DATASET EXCERPT |
========

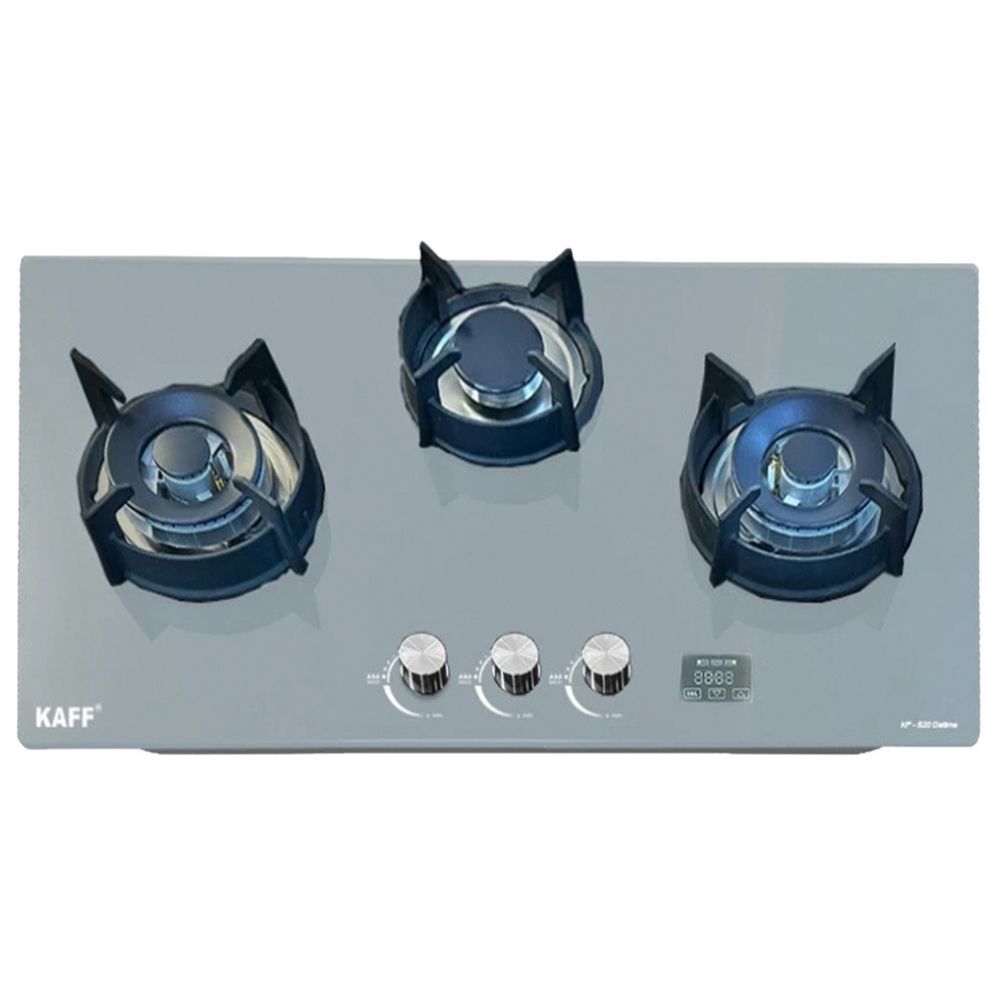 Bếp Gas Âm Kaff KF - 620 DETIME | 03 Vùng Nấu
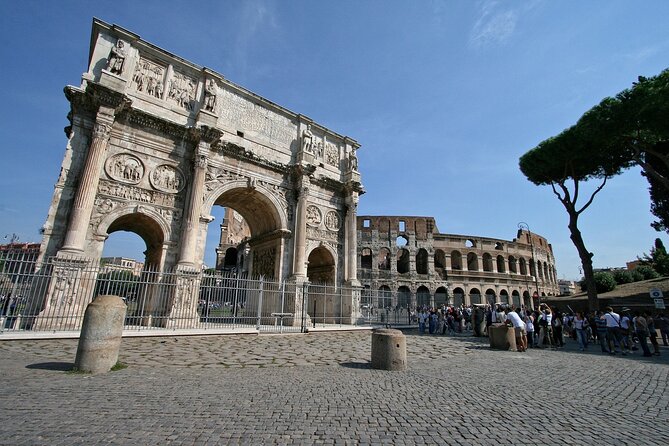 Colosseum with Digital Audioguide and Arena Option - Palatine Hill and Rome’s oldest imperial address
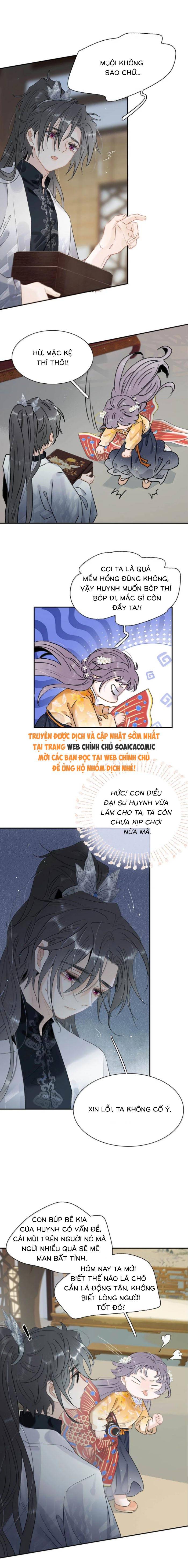 Kẻ Phản Diện Trong Sách Nghe Thấy Tiếng Lòng Của Ta - Chap 32 - Trang 4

========

PROMPT | Give the listing again word for word. Skip any pictures.

SOLUTION FOR THIS PROBLEM |
 Bếp Gas Âm Kaff KF - 620 DETIME | 03 Vùng Nấu
 Colosseum with Digital Audioguide and Arena Option - Palatine Hill and Rome’s oldest imperial address
 Kẻ Phản Diện Trong Sách Nghe Thấy Tiếng Lòng Của Ta - Chap 32 - Trang 4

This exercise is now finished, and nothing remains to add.